|
Knowledge Discovery for Classification with Mixed Spatial
Data Types - A Rough Set Approach
Principal Investigator:
Leung Yee
Co-investigator(s):
Manfred M. Fischer, Zhang Wenxiu
Summary:
Classification has long been a corner stone in spatial analysis.
Its significance becomes even more prominent with the availability
of large volume of geo-referenced data captured in geographic
information systems (GIS) and remotely sensed images. Being
able to discover non-trivial, previously unknown and potentially
useful knowledge from a data set for a specific classification
task, such as land covers in hyperspectral images, is thus
of great importance for real-life applications. Methods such
as statistics and fuzzy sets have to rely on external parameters
and prior model assumptions, e.g. probability distributions
in statistics and membership functions in fuzzy sets. Rough
set, on the other hand, only uses internal knowledge embedded
in a raw information system to discover classification rules.
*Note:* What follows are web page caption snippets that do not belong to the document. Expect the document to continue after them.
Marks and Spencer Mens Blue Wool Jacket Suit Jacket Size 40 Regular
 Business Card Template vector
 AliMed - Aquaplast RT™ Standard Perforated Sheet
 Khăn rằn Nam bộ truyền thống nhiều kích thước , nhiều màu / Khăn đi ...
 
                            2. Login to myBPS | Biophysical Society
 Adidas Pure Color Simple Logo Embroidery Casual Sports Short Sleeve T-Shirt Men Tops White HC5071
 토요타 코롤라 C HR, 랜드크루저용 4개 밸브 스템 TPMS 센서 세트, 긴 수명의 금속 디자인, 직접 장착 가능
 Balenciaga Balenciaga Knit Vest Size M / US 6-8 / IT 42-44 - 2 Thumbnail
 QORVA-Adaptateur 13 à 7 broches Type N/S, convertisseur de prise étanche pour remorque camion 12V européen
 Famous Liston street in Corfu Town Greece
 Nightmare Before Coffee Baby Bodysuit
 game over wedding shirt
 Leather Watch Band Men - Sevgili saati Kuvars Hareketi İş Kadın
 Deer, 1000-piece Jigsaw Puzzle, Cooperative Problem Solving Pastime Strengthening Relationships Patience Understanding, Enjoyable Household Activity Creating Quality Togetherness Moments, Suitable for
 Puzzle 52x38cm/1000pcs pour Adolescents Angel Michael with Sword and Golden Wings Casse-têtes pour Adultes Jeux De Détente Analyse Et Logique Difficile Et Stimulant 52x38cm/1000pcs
Out of all features (attributes) employed for a classification,
rough set models can automatically select the minimal set
of features necessary and sufficient for a classification
task. It is especially instrumental in hyperspectral analysis
where a very large number of spectral bands is employed for
image analysis. Through the process of knowledge reduction,
the rough set approach can also discover the optimal set of
rules. This can sharpen our knowledge and reduce the dimension
and complexity of a classification task.
In this research, we will develop novel rough set models
capable of discovering knowledge in (1) purely qualitative,
(2) purely quantitative, and (3) mixed spatial databases.
The approach generalizes existing rough set models and will
advance the research frontier of rough set in general and
spatial data mining and knowledge discovery in particular.
To validate and evaluate, we will develop efficient algorithms
for the implementation of the proposed rough set models. A
real-life application in hyperspectral classification with
mixed data types will be made for substantiation and assessment.
|